**Your instructions**
Give back, exactly as written, the lines from the first line of the data below through the line with "[9788432149702] HISTORIA MEDIEVAL", and omit the pictures.
====== Record excerpts
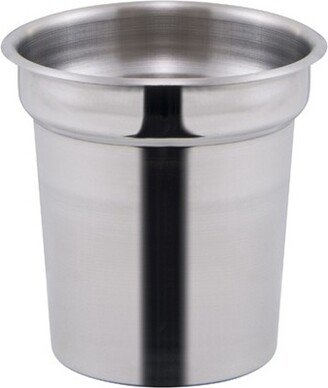 INS-4.0 Inset Bucket Stainless Steel Pan, 4.0-Quart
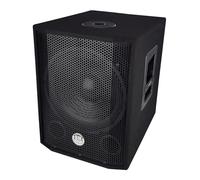 BM SONIC Caisson bi-amplifié 1208-SOLO 600W USB Bluetooth Boomer 30 cm 12" Réglages graves/aigus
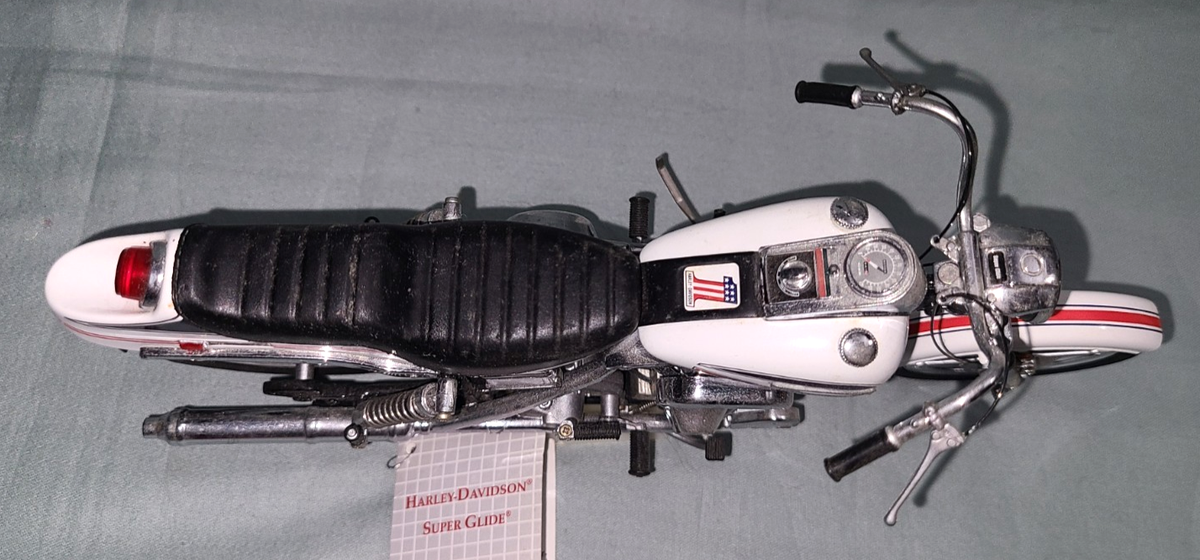 Franklin Mint Precision Models 1:10 Harley Davidson 1971 Super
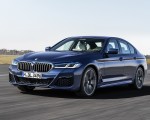 2021 BMW 530e xDrive Plug-In Hybrid Front Three-Quarter Wallpapers 150x120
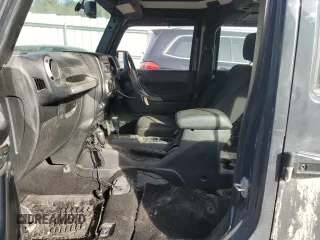 2016 Jeep Wrangler Unlimited Sport RHD with VIN 1C4BJWKG2GL271671, listed as a Copart auction lot 53935675 with 127,784 mi miles and Non repairable. Bid and sale history available at DreamBid. Image 7.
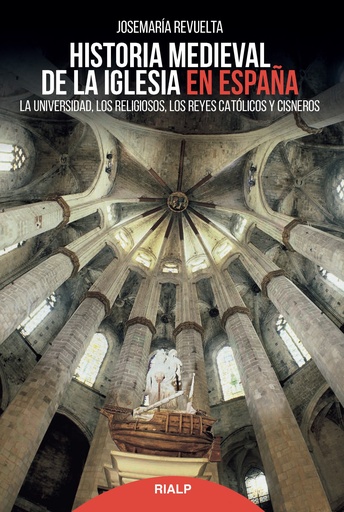 [9788432149702] HISTORIA MEDIEVAL DE LA IGLESIA EN ESPAÑA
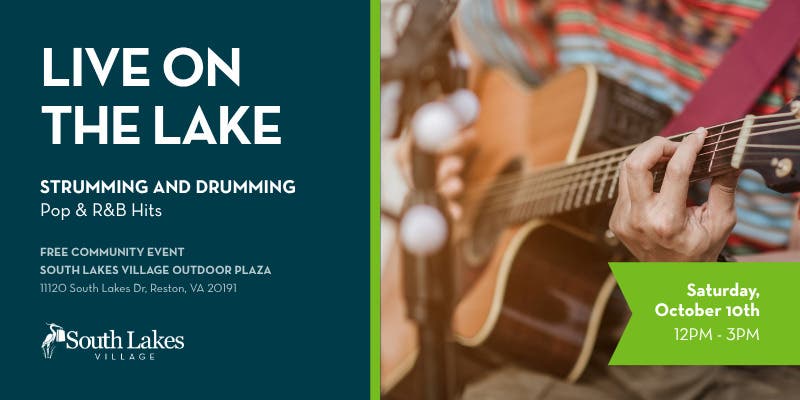Live on the Lake at South Lakes Village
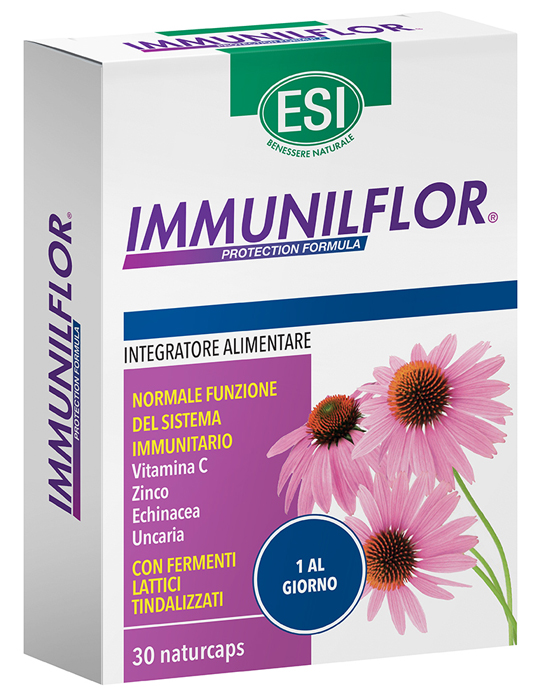 ESI IMMUNILFLOR CAPSULE 30 NATUR CAPS - pharmaonline24.it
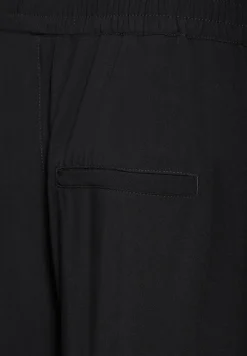 Pantalon coupe ample en viscose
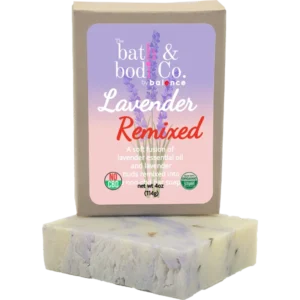Lavender Remixed -  Non-CBD Bar Soap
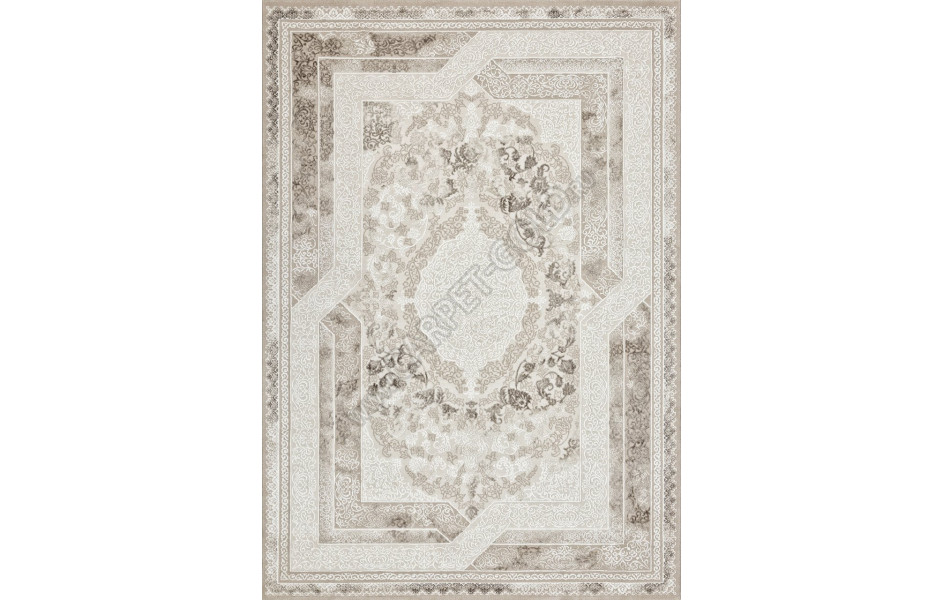 Ковер 04089A - BROWN / BROWN - Прямоугольник - коллекция ARMINA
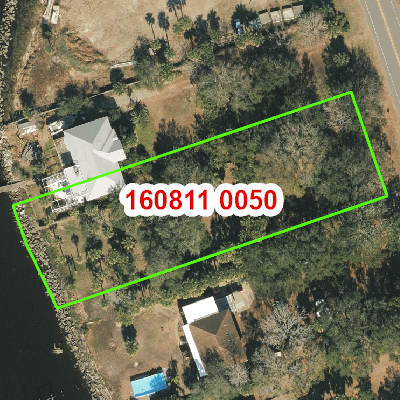 Topograhic image of property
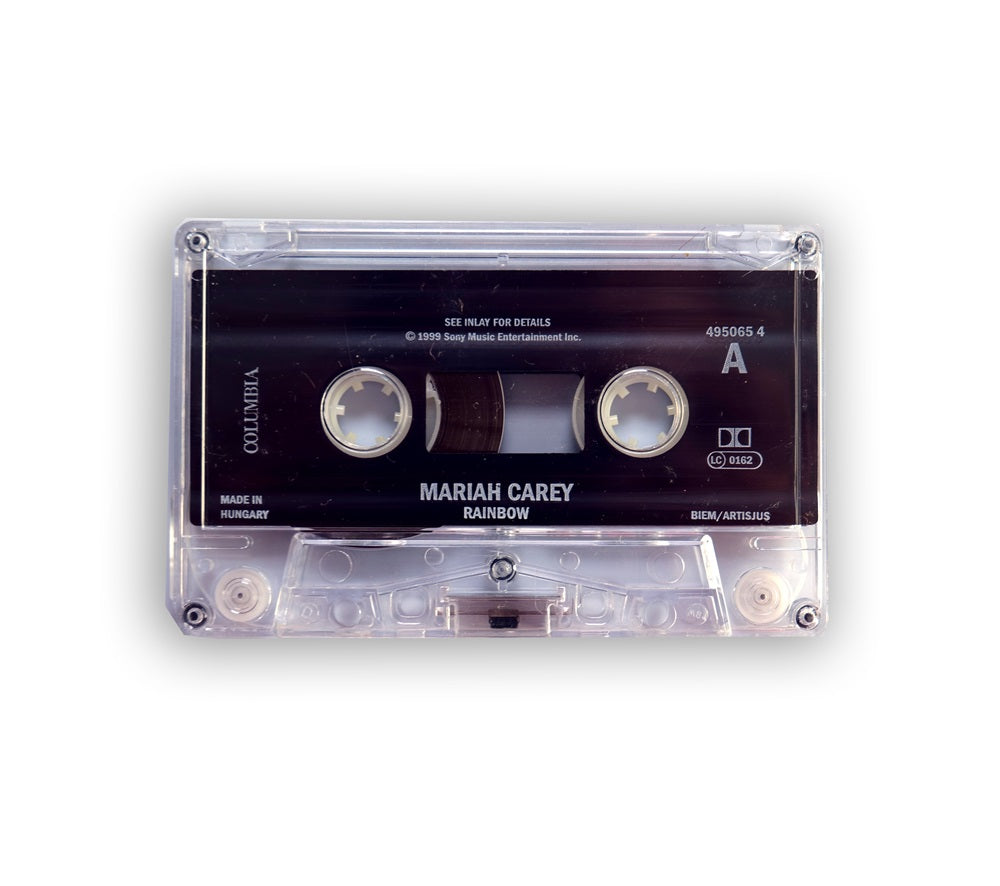 Mariah Carey - Rainbow Cassette Album - Hungary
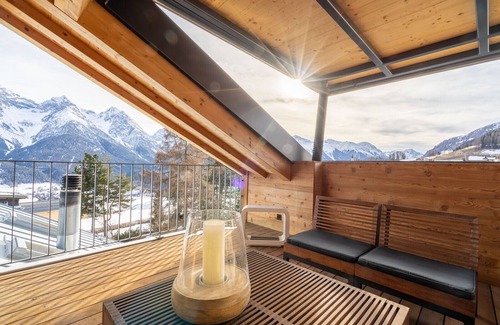 Engadin Scoul House | Chasa Sömmi: Luxurious Engadine house in Ftan with panoramic terrace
============
**Task output**
 INS-4.0 Inset Bucket Stainless Steel Pan, 4.0-Quart
 BM SONIC Caisson bi-amplifié 1208-SOLO 600W USB Bluetooth Boomer 30 cm 12" Réglages graves/aigus
 Franklin Mint Precision Models 1:10 Harley Davidson 1971 Super
 2021 BMW 530e xDrive Plug-In Hybrid Front Three-Quarter Wallpapers 150x120
 2016 Jeep Wrangler Unlimited Sport RHD with VIN 1C4BJWKG2GL271671, listed as a Copart auction lot 53935675 with 127,784 mi miles and Non repairable. Bid and sale history available at DreamBid. Image 7.
 [9788432149702] HISTORIA MEDIEVAL DE LA IGLESIA EN ESPAÑA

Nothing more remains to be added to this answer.